Cette année, il a fallu attendre les quarts de finale pour voir la chaine atteindre le million de téléspectateurs de moyenne grâce à Croatie/Brésil (1,31 million) et même un pic record (2 millions) pour un mondial sur la chaîne grâce à ses prolongations. C’est un record d’audience moyenne pour un quart de finale sur beIN SPORTS, mais un score inférieur au record de 2018 avec le huitième de finale Espagne/Russie (1,47 million).

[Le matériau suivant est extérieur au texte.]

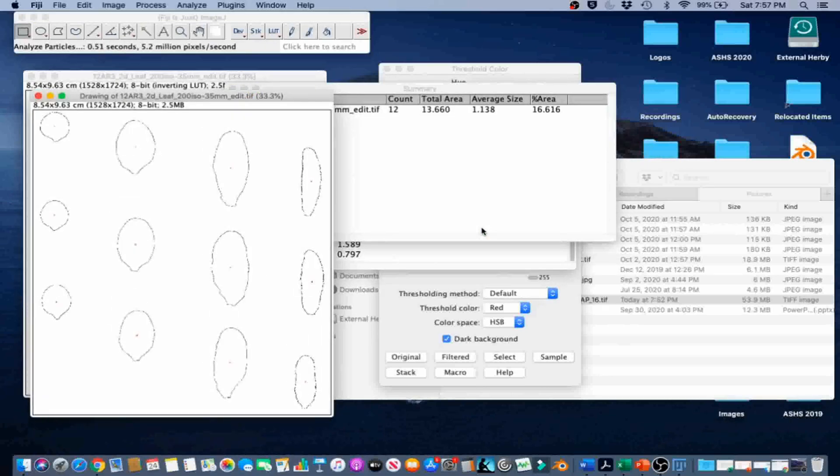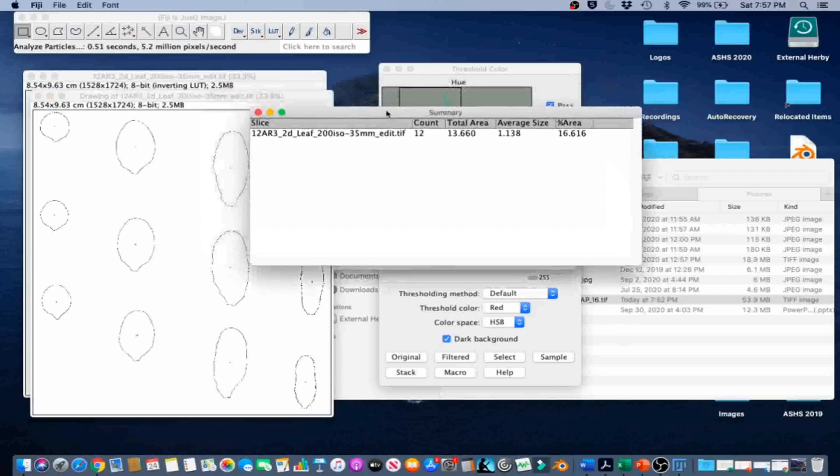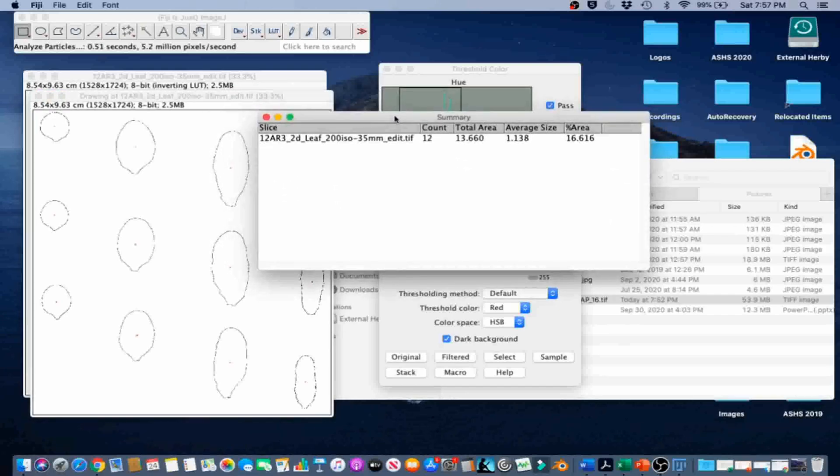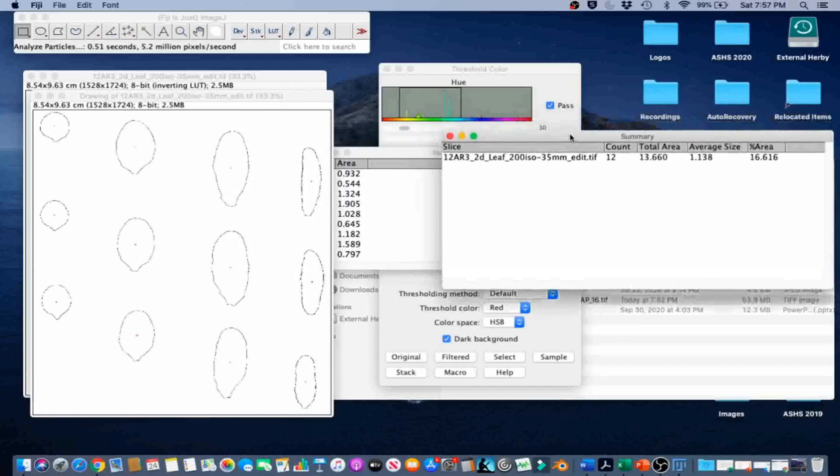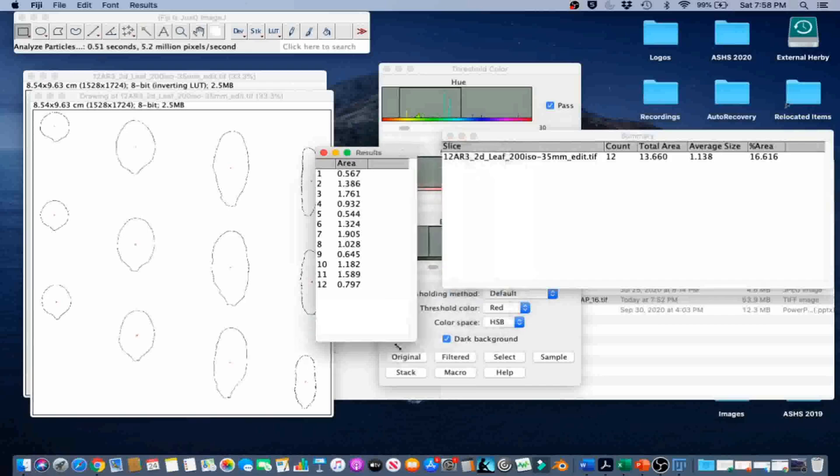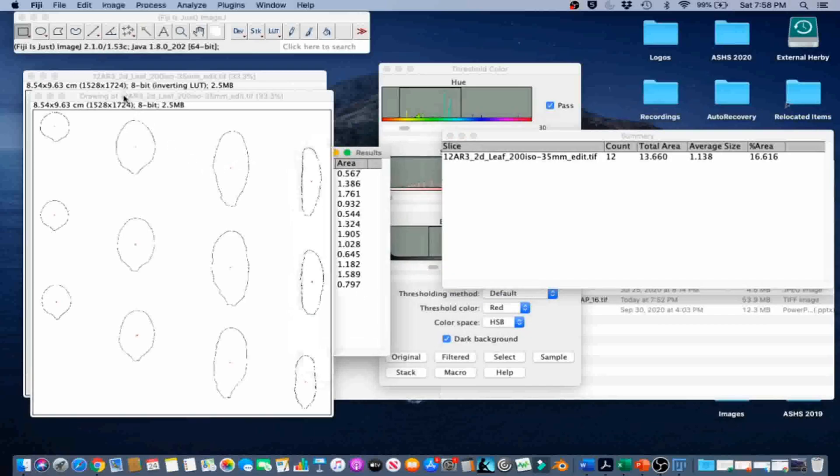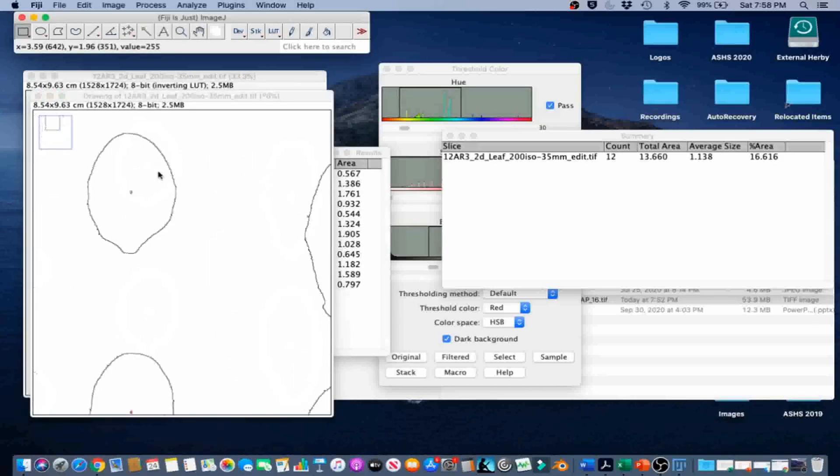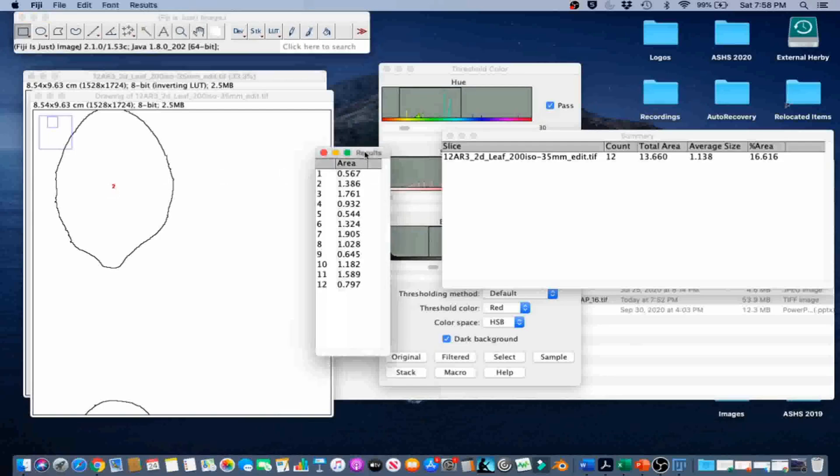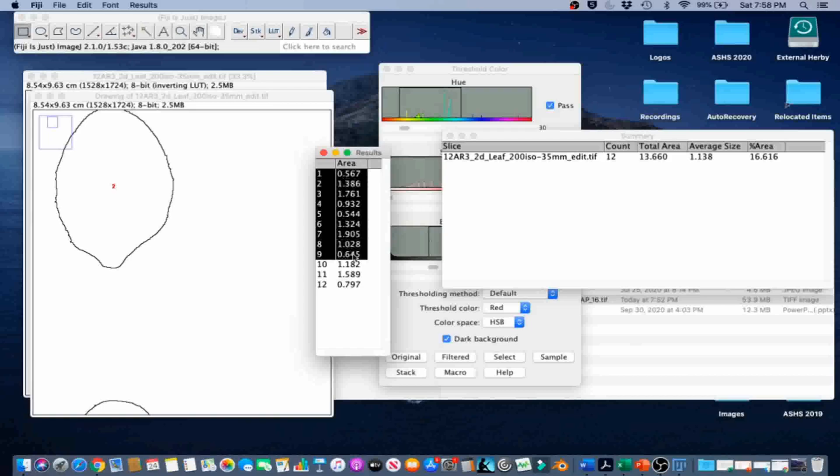Now we can record the desired information from the Summary and Results table. The Results table will have the area of each leaf. And if you scroll in on the image, each leaf is numbered based on the outline's output. So here we can go to Results and we can copy all of that and put it into Excel if we want to.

Concernant l’équipe de France, les résultats communiqués par la chaine sont similaires aux chiffres de 2018, avec trois rencontres décisives au million et un record légèrement supérieur cette année (1,07 contre 1,06 million pour la demi-finale). En 2018, Florent Houzot, directeur de la rédaction de beIN SPORTS, rappelait que ces chiffres devaient être à relativiser en raison de l’absence des bars dans la comptabilisation. Ceux-ci semblent désormais inclus, au même titre que pour TF1. Si tel est le cas, cela traduirait une nette baisse pour ces grands matchs vis-à-vis de 2018, le total en incluant le hors domicile en 2022 étant équivalent aux audiences sans les bars de 2018. Cela pourrait également poser question sur la fiabilité de cette mesure nouvelle, tant beIN SPORTS est représentée dans les bars du pays pendant ce type de compétition.

Malgré cela, c’est la satisfaction qui est affichée par la chaine dont l’antenne a été dynamisée par un droit premium en milieu de saison. De quoi rappeler la qualité de son offre football aux amateurs, mais également communiquer sur le retour de clubs français de Ligue 1 grâce à l’arrivée de la Coupe de France.